Unable to make fault-tolerant 5 node Consul server setup

Hi there,

I’m running into an issue with Consul where I am not able to be fault tolerant
in a 5-node server setup.

I’m running Consul setup on several Kubernetes clusters, using a
configuration inspired by the helm configuration but adjusted for our needs.
As an example, one cluster performs as expected and correctly performs leader
election on node failure (or rolling pod restarts) and does not give me much trouble. I have
a similar setup on a larger cluster with a much higher workload, and that’s
where I’m starting to run into issues where that cluster fails to run healthy
nodes. In particular, no node is able to get Voter status after joining the
cluster:

# output of `consul operator raft list-peers`:
State     Voter  RaftProtocol
leader    true   3
follower  false  3
follower  false  3
follower  false  3
follower  false  3

When restarting the servers, the leader drops and the clusters do not elect a
new leader, but rather wait till the new leader joins.

Doing a curl healthcheck on autopilot, I see that all servers are marked as
unhealthy, except the leader, but otherwise have the same status and indices.

An unhealthy, but otherwise fully responsive node roughly looks like this in the
autopilot health check (curl localhost:8500/v1/operator/autopilot/health | jq .):

{
      "ID": "...",
      "Name": "...",
      "Address": "...",
      "SerfStatus": "alive",
      "Version": "1.13.3",
      "Leader": false,
      "LastContact": "4.947865ms",
      "LastTerm": 4254,
      "LastIndex": 616049522,
      "Healthy": false,
      "Voter": false,
      "StableSince": "2022-11-11T04:51:26Z"
    },

and the single healthy node comes up with this info:

{
      "ID": "...",
      "Name": "...",
      "Address": "...",
      "SerfStatus": "alive",
      "Version": "1.13.3",
      "Leader": true,
      "LastContact": "0s",
      "LastTerm": 4254,
      "LastIndex": 616049522,
      "Healthy": true,
      "Voter": true,
      "StableSince": "2022-11-11T04:51:26Z"
    },

One way to get everything in a temporary state of each node being able to vote
for a leader is to do a peers.json setup.
When doing this however, even if the nodes are Voters, they are still failing
to get Healthy. If I perform any maintenance with the Consul nodes (say a
rolling restart of nodes) afterwards, the restarted nodes fail to get Voter
status and I’m back with a single Healthy leader and Voter.

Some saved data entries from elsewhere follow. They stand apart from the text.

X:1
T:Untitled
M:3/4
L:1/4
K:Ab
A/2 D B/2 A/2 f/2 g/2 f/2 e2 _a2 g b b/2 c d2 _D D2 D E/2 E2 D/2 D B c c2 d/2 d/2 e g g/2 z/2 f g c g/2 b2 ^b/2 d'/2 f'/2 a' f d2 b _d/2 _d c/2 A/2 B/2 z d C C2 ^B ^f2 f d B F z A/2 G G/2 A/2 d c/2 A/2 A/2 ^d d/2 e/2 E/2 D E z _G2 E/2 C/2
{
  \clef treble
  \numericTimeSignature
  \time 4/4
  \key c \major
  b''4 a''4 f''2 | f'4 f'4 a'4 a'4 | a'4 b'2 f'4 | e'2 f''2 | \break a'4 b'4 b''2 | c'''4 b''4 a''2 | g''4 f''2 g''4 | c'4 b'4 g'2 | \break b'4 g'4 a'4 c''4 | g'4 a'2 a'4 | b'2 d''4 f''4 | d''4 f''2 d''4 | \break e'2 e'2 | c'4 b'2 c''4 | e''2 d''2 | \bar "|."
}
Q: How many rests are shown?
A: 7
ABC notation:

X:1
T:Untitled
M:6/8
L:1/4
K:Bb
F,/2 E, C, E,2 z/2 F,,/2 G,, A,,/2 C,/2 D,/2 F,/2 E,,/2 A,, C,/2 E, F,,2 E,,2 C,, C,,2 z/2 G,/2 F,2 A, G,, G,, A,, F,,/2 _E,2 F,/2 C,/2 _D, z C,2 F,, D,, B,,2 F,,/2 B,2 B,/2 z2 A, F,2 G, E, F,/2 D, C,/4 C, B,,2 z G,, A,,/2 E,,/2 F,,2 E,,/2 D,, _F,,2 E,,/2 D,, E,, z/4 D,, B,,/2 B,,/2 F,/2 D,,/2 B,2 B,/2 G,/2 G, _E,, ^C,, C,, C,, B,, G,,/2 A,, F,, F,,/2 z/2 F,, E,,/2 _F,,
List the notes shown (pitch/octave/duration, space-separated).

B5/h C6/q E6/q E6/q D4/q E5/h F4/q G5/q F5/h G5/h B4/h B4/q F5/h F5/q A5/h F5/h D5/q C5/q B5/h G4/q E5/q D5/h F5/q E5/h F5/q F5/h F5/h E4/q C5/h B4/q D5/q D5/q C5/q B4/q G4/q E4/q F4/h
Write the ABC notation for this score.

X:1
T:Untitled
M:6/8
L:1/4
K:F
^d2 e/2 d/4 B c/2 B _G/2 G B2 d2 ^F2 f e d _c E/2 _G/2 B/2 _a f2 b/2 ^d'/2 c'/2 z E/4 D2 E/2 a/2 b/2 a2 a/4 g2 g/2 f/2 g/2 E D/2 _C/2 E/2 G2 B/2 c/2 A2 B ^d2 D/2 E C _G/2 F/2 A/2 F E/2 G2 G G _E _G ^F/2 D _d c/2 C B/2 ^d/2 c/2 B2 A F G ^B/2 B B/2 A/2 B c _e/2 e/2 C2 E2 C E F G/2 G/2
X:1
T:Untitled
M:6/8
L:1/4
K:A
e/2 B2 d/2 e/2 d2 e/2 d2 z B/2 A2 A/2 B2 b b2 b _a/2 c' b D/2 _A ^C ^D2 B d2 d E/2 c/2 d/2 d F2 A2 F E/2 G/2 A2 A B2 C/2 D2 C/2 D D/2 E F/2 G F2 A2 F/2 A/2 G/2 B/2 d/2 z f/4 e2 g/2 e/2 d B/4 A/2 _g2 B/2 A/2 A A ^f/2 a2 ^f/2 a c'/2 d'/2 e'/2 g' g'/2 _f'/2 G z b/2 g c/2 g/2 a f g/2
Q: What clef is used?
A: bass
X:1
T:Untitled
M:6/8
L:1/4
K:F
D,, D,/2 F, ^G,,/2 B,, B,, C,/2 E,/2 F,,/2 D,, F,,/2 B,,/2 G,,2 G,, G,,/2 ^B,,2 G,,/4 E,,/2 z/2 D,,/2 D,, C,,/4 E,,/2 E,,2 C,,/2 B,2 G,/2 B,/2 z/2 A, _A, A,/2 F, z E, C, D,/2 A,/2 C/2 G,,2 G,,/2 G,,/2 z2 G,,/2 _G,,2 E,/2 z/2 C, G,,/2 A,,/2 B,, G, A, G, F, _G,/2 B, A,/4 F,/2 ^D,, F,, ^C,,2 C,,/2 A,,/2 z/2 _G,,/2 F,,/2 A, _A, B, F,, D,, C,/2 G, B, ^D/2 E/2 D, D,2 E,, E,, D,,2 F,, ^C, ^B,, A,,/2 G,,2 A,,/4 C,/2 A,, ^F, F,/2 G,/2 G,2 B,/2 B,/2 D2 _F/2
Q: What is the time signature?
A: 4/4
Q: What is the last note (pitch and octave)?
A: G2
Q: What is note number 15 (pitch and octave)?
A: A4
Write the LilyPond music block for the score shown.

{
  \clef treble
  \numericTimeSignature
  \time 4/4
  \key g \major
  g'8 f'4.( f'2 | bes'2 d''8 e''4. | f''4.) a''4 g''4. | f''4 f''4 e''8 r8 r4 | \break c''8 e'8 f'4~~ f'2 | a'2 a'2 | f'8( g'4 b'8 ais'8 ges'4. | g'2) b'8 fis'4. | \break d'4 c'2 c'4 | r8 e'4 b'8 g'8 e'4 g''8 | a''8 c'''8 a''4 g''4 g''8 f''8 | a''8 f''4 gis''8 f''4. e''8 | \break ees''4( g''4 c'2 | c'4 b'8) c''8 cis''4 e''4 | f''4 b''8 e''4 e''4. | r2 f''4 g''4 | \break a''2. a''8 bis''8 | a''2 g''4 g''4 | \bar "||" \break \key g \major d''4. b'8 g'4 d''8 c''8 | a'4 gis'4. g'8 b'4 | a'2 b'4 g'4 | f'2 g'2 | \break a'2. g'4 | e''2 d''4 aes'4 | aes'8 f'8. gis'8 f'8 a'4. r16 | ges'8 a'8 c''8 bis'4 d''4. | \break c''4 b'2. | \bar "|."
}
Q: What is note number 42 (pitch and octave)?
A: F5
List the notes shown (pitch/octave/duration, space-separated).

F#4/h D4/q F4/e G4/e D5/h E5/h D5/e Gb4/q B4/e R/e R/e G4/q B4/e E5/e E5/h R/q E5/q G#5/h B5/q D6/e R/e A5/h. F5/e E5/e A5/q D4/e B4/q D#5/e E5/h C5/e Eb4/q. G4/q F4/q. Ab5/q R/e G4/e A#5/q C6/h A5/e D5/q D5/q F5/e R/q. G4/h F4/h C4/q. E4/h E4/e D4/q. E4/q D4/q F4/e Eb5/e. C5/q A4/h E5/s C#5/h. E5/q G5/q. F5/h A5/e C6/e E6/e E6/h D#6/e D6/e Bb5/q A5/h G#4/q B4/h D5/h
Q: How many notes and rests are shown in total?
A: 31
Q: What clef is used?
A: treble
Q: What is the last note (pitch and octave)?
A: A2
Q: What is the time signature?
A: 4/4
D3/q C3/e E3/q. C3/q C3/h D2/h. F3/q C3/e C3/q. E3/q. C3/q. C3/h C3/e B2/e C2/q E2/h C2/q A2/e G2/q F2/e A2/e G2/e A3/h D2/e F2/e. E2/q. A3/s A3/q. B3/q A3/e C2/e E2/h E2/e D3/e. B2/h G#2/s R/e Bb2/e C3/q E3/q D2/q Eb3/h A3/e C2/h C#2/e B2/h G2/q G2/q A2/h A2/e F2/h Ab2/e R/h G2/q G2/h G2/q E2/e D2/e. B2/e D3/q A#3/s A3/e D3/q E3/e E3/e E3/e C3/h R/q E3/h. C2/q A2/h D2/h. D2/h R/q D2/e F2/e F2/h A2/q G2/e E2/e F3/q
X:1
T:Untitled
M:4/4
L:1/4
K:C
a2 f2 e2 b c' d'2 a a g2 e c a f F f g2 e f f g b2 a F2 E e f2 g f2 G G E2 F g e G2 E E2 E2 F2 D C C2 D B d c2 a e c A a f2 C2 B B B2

I’m wondering why my nodes fail to become healthy. I’ve tried adjusting
autopilot config, leaving on termination, raft performance, adjusting timeouts
back and forth, but no knobs I could twist would help me. In general this is
reproducible even with the most barebones of configurations:

exec /bin/consul agent -server \
  -advertise="${POD_IP}" \
  -bind=0.0.0.0 \
  -bootstrap-expect=5
  -client=0.0.0.0 \
  -server \
  -ui \
  -retry-join=${DNS_OF_STATEFULSET_INSTANCE-0} \
  -retry-join=${DNS_OF_STATEFULSET_INSTANCE-1} \
  -retry-join=${DNS_OF_STATEFULSET_INSTANCE-2} \
  -retry-join=${DNS_OF_STATEFULSET_INSTANCE-3} \
  -retry-join=${DNS_OF_STATEFULSET_INSTANCE-4} \

Logs occasionally (very rarely) mention about some connection failures, but they
don’t persist. Logs in general seem to agree that everything is fine after a
restart:

2022-11-11T04:29:37.148Z [INFO]  agent: Synced node info
2022-11-11T04:29:37.183Z [INFO]  agent: (LAN) joined: number_of_nodes=5
2022-11-11T04:29:37.183Z [INFO]  agent: Join cluster completed. Synced with initial agents: cluster=LAN num_agents=5

Additionally what fully perplexes me is that the exact same setup runs on a
lower-load cluster and does not exhibit this behavior, as mentioned earlier.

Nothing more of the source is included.